And I think we all know the reasons behind this move: higher, stickier, more entrenched inflation than most people and central banks initially thought. And that’s led to very aggressive monetary policy tightening by the world’s central banks, and, of course, spearheaded by the Fed [Federal Reserve].
Now, when I’m asked: “can value carry on outpacing growth?” I think the easy answer is probably not to the same extent that we’ve seen since the rotation in equity markets that began in November of 2021. So, since November of 2021, value on a global basis has outpaced, has beaten growth, by about 30 odd percent on a relative basis. That’s a big number over such a short period of time. But I think there’s a more nuanced answer, Chris, to your question. And that is, we’ve seen a number of previous periods where value has outpaced growth for prolonged periods of time. So, over the 50 years that New Perspective has been around, value has led the market between ‘75 and 1984. Then again between 1987 and 1994, and then again, in the aftermath of the TMT bubble, so 2000 to 2006.

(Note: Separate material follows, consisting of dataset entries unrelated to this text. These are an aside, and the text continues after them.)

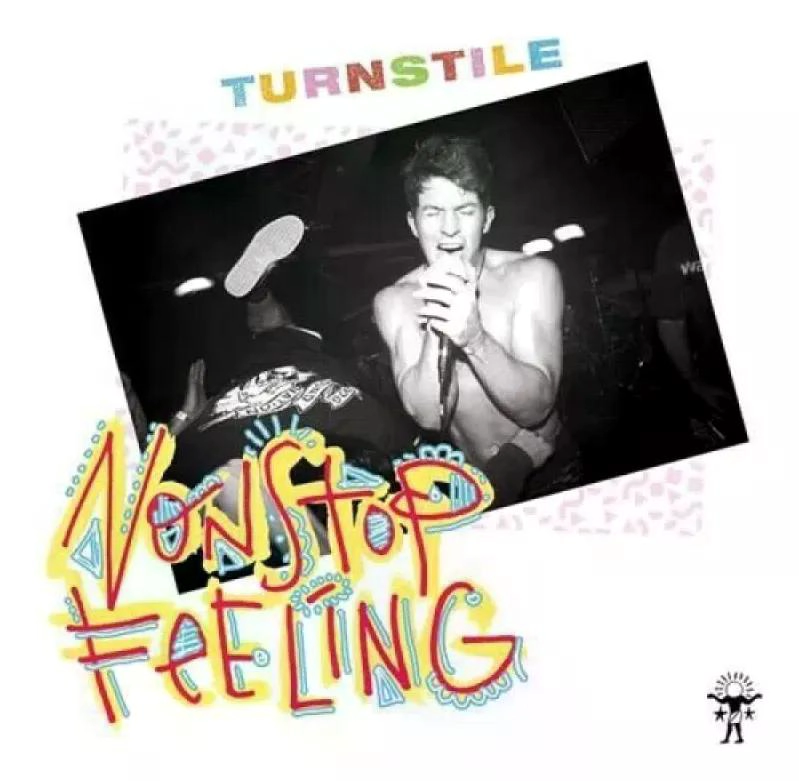 VINILO TURNSTILE/ NONSTOP FEELING 1LP - 1
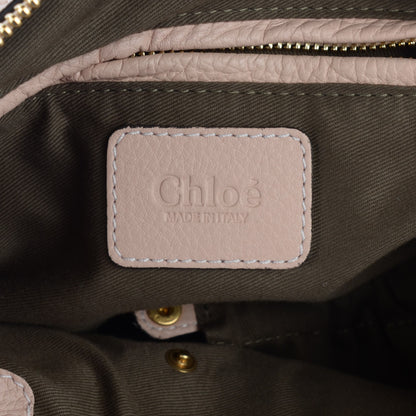Chloe Calfskin Medium Marcie Satchel Anemone Pink 6 of 8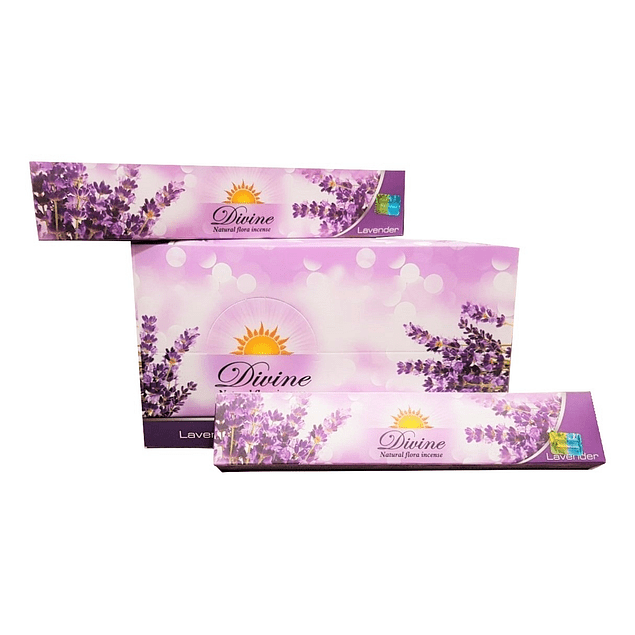 Incienso Natural Lavanda - Sandesh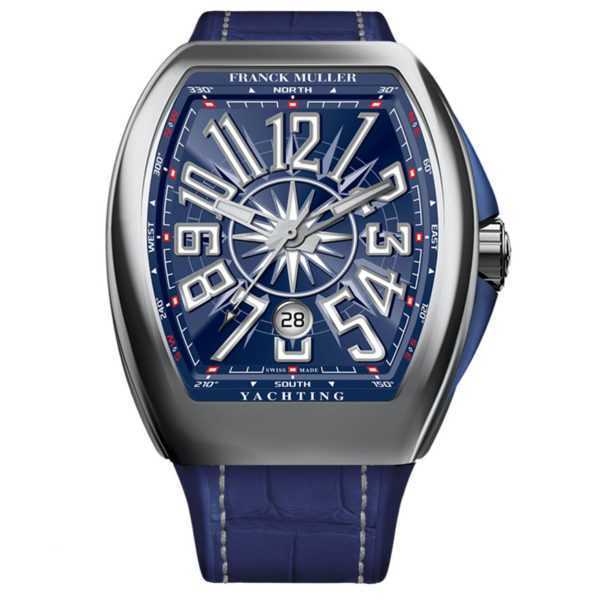 Franck Muller Vanguard Automatic Yachting Steel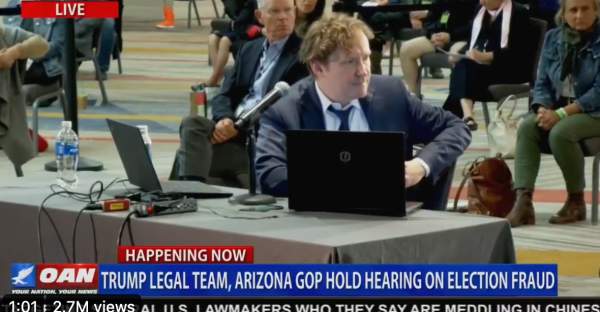 Twitter Blacklists Mathematician Who Testified at Arizona Voter Fraud Hearing » Sons of Liberty Media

So, look, it’s happened in the past, it could happen again. And typically, as economies evolve, as they go through big structural changes, like now, what you find is that stock markets typically enter new market cycles. And when stock markets enter new cycles, new equity market leadership often forms.
There’s strong evidence as well to suggest that market leaders before and after bear markets, are rarely the same. Now the obvious question then is, well, if growth led the market for the last 15 years, and you’re saying we’re entering a new cycle, what does that mean for growth investing? We’re not writing the obituary of growth investing. We’re not certainly saying that growth investing is dead, but if the next cycle is to be defined by ‘higher for longer’ inflation and ‘higher for longer’ rates, then we need to be even more discerning, even more selective in the type of growth company that we invest in. So, we need to really focus, I think, on the quality – we need to focus on what I define as shorter duration growth companies. So, companies that can deliver and generate cash flow profits and growth today, rather than speculative growth, cash flows and profits that may or may not materialise 5, 6, 7 years down the road.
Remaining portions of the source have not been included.